Scraped caption text data:
= = = =
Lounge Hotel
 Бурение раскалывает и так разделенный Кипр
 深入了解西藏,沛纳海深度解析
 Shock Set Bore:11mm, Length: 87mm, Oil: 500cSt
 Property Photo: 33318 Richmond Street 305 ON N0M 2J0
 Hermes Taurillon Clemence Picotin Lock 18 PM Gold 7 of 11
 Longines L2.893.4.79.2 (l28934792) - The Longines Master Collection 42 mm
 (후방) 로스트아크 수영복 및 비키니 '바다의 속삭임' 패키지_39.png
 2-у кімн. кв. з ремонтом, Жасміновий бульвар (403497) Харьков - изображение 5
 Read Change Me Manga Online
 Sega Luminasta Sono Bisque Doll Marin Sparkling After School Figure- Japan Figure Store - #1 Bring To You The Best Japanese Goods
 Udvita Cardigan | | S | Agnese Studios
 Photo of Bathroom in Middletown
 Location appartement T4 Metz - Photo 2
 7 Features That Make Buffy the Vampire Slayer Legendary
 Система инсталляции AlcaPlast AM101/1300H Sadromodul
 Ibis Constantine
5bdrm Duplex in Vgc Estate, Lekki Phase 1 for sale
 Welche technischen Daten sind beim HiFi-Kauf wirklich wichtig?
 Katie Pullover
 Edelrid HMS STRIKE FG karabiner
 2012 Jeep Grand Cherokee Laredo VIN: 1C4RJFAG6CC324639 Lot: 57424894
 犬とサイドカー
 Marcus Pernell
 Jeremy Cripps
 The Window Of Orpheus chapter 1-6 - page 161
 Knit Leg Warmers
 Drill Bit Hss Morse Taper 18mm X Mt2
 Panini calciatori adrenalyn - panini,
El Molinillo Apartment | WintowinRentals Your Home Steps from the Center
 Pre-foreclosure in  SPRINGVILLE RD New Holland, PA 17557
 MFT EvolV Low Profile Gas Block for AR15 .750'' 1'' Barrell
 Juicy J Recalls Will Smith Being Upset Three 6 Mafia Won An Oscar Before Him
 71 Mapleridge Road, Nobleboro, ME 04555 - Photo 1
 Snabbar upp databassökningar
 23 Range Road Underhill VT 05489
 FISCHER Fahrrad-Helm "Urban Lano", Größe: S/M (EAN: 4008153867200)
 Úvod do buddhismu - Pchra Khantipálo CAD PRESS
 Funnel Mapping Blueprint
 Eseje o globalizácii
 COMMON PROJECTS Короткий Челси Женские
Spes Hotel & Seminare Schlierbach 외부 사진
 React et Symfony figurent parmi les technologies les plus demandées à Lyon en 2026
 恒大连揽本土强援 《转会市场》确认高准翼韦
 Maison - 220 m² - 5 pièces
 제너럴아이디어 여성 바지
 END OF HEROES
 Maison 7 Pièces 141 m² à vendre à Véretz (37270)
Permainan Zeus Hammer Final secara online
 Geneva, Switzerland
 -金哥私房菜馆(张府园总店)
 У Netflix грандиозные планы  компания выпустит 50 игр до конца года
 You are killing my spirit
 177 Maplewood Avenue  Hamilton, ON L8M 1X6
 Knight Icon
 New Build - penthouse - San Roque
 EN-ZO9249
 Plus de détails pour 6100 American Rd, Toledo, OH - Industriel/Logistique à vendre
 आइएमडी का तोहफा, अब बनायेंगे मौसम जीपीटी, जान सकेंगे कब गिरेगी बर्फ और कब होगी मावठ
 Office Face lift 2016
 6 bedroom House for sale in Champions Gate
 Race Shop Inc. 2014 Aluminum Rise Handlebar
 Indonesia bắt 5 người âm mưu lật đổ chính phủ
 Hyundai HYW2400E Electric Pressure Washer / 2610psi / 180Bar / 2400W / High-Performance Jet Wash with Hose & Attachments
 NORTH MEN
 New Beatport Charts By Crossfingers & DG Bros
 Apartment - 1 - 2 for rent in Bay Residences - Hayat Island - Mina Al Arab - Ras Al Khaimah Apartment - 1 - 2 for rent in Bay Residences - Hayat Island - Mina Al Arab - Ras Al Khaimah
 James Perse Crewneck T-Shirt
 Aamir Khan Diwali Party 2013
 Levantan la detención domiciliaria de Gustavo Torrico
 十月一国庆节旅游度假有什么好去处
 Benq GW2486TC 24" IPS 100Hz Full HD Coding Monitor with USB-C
= = = =
* Task details: Check each line of the data for the word "Apartment", then state only how many lines hold it.

* Reply: 2